Lighting a route for hyperbolic dispersion
The propagation of light within a material is usually well defined, with the propagation described by scattering and dispersion. In artificially designed metamaterials and in anisotropic layered materials, the dispersion can be hyperbolic, giving rise to subwavelength confinement of the light. Sternbach et al. show that the hyperbolic dispersion can be optically switched on and off on demand in the layered transition metal dichalcogenide tungsten diselenide (see the Perspective by Deng and Chen). Illuminating the material with ultrafast pulses of sub-bandgap light creates a transient waveguide, resulting in hyperbolic dispersion in the material. The ability to tune the dispersion characteristics on demand using optical pumping is an effective approach for developing ultrafast switching photonic devices and controlling the propagation of light on the nanoscale.
Collective electronic modes or lattice vibrations usually prohibit propagation of electromagnetic radiation through the bulk of common materials over a frequency range associated with these oscillations. However, this textbook tenet does not necessarily apply to layered crystals. Highly anisotropic materials often display nonintuitive optical properties and can permit propagation of subdiffractional waveguide modes, with hyperbolic dispersion, throughout their bulk.

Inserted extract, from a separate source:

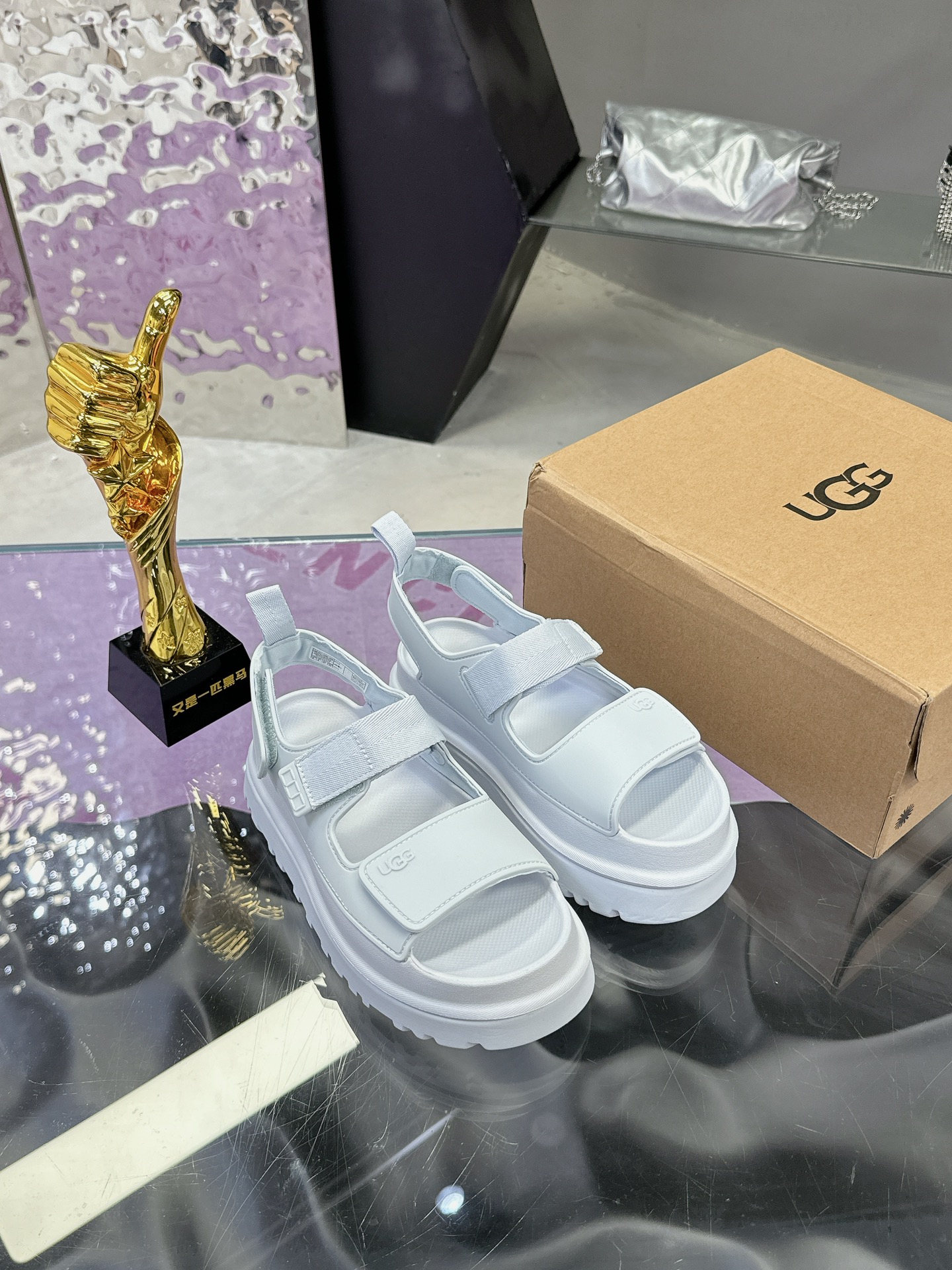 “Female UGG Sandals: Vibrant Dopamine Colors, Tie-Up Designs, Comfortable EVA Base” - 图片 4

Here, we report on the observation of optically induced electronic hyperbolicity in the layered transition metal dichalcogenide tungsten diselenide (WSe2). We used photoexcitation to inject electron-hole pairs in WSe2 and then visualized, by transient nanoimaging, the hyperbolic rays that traveled along conical trajectories inside of the crystal. We establish here the signatures of programmable hyperbolic electrodynamics and assess the role of quantum transitions of excitons within the Rydberg series in the observed polaritonic response.